» Action item
Exactly reproduce the lines from the line that has "Sheffield’s local plan" down to the last line of the entries, inclusive.

» Given data
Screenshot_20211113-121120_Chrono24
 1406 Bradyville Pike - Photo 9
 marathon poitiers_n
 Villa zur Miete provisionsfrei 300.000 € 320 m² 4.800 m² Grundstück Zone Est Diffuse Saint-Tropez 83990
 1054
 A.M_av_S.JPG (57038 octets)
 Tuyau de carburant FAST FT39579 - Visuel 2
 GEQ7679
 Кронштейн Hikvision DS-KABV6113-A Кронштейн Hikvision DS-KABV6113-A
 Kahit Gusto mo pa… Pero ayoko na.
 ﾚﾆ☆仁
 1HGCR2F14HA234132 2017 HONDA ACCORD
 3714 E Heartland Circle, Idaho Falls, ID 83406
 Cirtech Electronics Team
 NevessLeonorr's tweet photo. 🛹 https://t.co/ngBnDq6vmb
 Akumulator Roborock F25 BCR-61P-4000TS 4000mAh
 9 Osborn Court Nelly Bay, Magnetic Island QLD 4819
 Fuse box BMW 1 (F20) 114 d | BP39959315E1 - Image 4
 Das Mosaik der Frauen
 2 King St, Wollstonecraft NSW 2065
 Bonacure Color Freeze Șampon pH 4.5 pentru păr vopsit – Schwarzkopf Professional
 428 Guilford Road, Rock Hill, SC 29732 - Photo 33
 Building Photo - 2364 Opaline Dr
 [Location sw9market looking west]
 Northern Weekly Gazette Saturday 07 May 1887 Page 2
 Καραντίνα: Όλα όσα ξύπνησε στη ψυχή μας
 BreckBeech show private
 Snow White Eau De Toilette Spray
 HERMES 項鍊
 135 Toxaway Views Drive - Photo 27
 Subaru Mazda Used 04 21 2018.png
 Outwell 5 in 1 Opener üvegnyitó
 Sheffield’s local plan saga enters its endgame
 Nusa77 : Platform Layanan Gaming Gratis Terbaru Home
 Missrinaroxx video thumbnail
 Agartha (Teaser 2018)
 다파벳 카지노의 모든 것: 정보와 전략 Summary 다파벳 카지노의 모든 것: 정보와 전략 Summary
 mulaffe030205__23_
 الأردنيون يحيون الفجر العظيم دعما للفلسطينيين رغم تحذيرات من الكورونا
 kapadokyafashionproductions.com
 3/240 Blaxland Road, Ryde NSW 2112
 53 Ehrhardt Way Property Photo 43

» Your solution
 Sheffield’s local plan saga enters its endgame
 Nusa77 : Platform Layanan Gaming Gratis Terbaru Home
 Missrinaroxx video thumbnail
 Agartha (Teaser 2018)
 다파벳 카지노의 모든 것: 정보와 전략 Summary 다파벳 카지노의 모든 것: 정보와 전략 Summary
 mulaffe030205__23_
 الأردنيون يحيون الفجر العظيم دعما للفلسطينيين رغم تحذيرات من الكورونا
 kapadokyafashionproductions.com
 3/240 Blaxland Road, Ryde NSW 2112
 53 Ehrhardt Way Property Photo 43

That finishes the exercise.